So I have a wound on my arm, right? Well, I rode the water slide once. Also, I rode it illegally. There was no attendant and I hopped the fence to go down. Yeah, and then when we went back up, we were like, we should just go up. A woman magically appeared. So I think they had like a camera or something and they saw Drew just like shoot down without anybody around.

But I am injured on my shoulder. Oh, yeah. He got tossed around so much he scraped his shoulder. I'm suing the city for real. Like, I'm suing Tucson, Arizona. I am not getting the joy being at that pool, mate. It was so funny because the night before we went to the pool and, like, Josie and Drew got in.

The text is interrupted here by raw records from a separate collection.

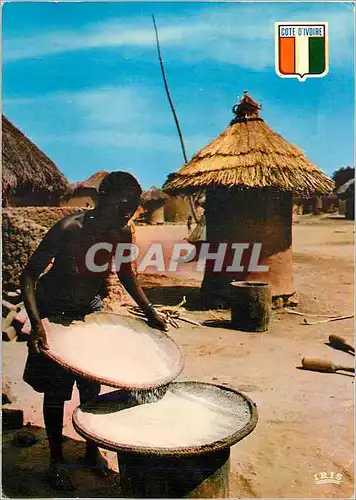 Cartes postales moderne Republique de la Cote d'Ivoire La vie au Village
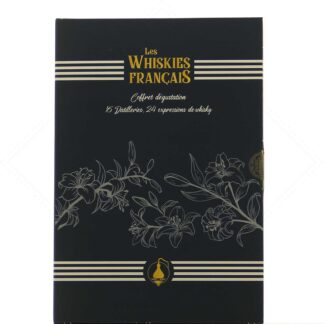 Calendrier de l'avent des whiskies français A-Frenchy 24x2cl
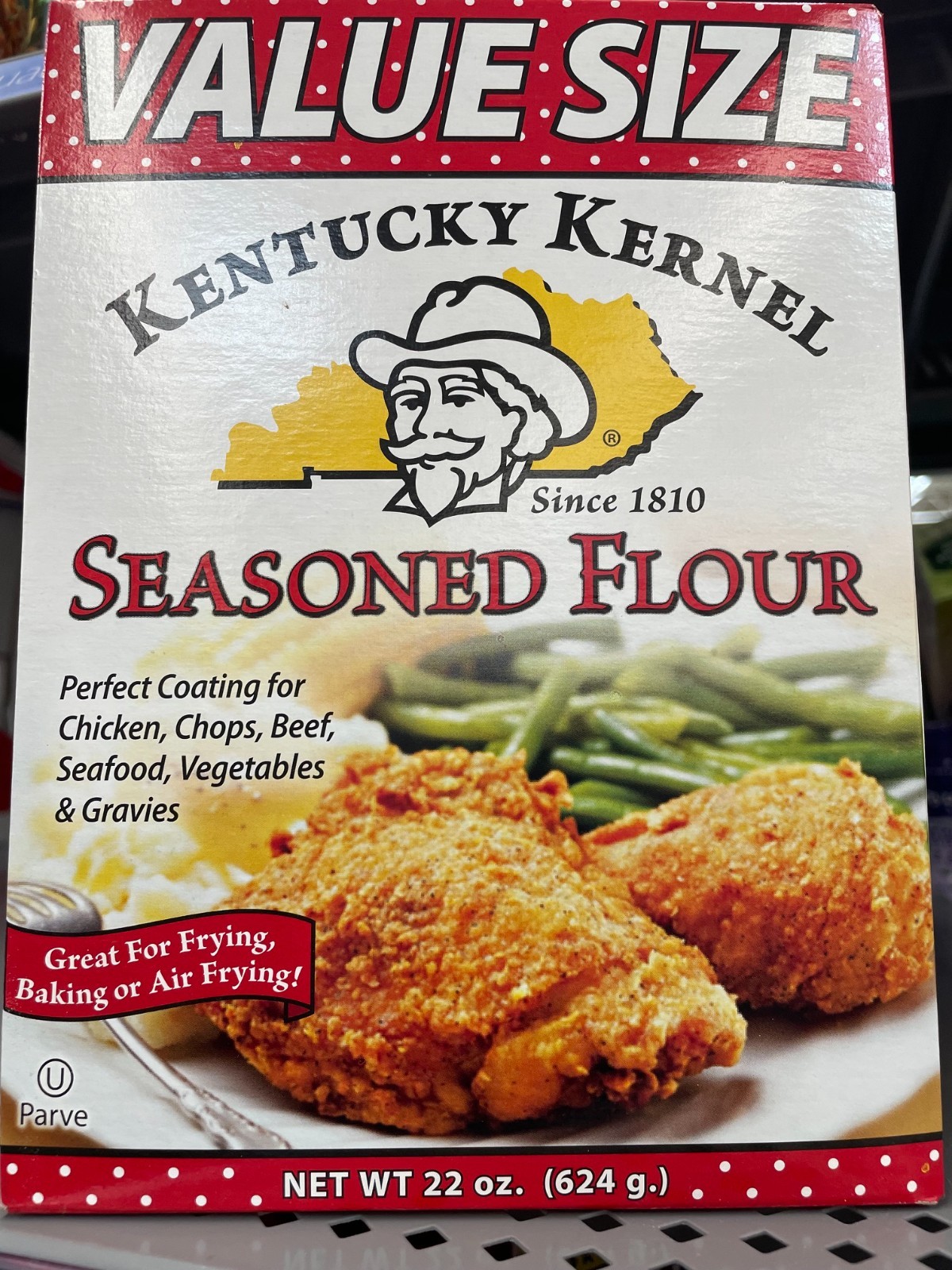 5-Pack Kentucky Kernel Original Seasoned Flour Coating Mix, Size 22 oz Boxes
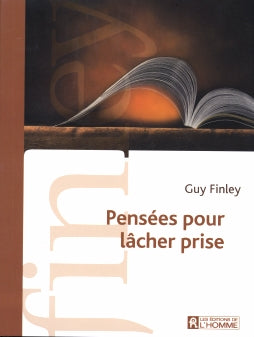 Couverture du livre de Pensées pour lâcher prise - papier format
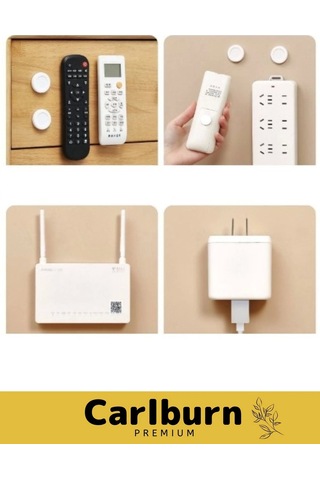 Özel Üretim Sağlam Dayanıklı Güçlü Yapışkan Mıknatıslı Çok Amaçlı Kumanda Telefon Tutucu 2 Adet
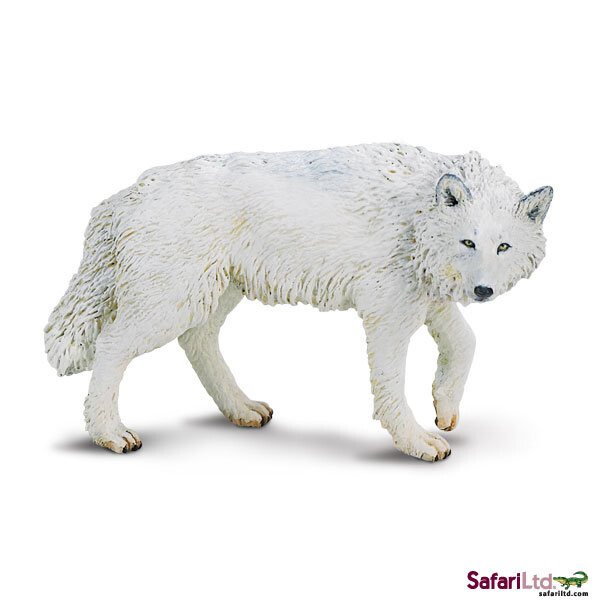 

Safari Ltd 220029 Арктический белый волк 9,5х6,5см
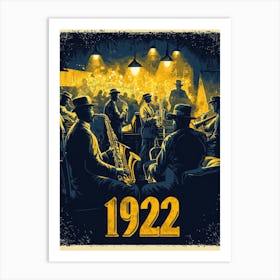 Aihrgdesign A Vintage Art Poster Celebrating The Jazz Age In 4 Art Print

And it was like such a nice pool. And we were like, damn, no one is at this fucking resort. But it's literally because it was like only 50 plus year olds. And they were all asleep by 7 p.m. So no one was around. And when we got there in the morning, the pool was packed. And we're like, fuck, this sucks. And then we went to the pool that had the water slide. And we were like, oh, this one was made for kids. And nobody is here because we're supposed to be at the other one. And we were having the time of our fucking life. It was awesome.

so fucking fun. I played dead several times and yes, pictures in the water. Like, oh my God, I just need a water slide. And then Josie was like, yeah, you guys should like just get your money up so you could have a house with a water slide in the back. And I was like, I actually don't know how much money it would take for you to be able to sustain that. Like in my head, you have to be like a gazillionaire to have a water slide in your backyard. But also there would be something so humiliating about having a water slide in your backyard. Yeah.

But I guess then I would be living my beauty in the beast. Justin Bieber. Justin Bieber. Yeah. Fantasy. All right, guys, let's take a moment to decalcify our pineal glands so we can open up our conscious to higher frequencies and higher powers. Wow.

Your pineal gland? Pineal gland. Like your penis? No, no, no. It's in the middle of your head. It's like the most important gland in your body. And it's all calcified from pesticides, mercury, fluoride, which is in toothpaste and water, sugar, caffeine, alcohol, and tobacco, which... I have all of that like eight times a day. All day long. You need to be getting enough sunlight. Would you eat the calcified crust off of my pineal gland? Yes. I would save you...

That is so loud today. No, it's always loud. Our fridge is the loudest thing ever. When I'm sitting in the living room sometimes it feels so eerie at like 1 a.m. and I just hear like... Like it feels like my brain is being zapped and I'm about to be fucking abducted. Oh fuck, we didn't troll our neighbors. Did we talk about that on the last episode? We have new neighbors and...

we had like weird beef with them not really beef but like our landlord was just being annoying and was trying to give up my parking spot to the new neighbors and i was like i've been here for a long time like that is my fucking spot also the parking lot in our area sucks balls it's so hard to navigate yeah and i have a bigger car than the neighbor so i was like bro what like this is my fault bitch i've been here for like

I've been here for like six fucking years. Give me my fucking spot. It's like seniority. Yeah, like put some respect on my name. Like I've given you a lot of money to fucking stay living in this scary ass apartment.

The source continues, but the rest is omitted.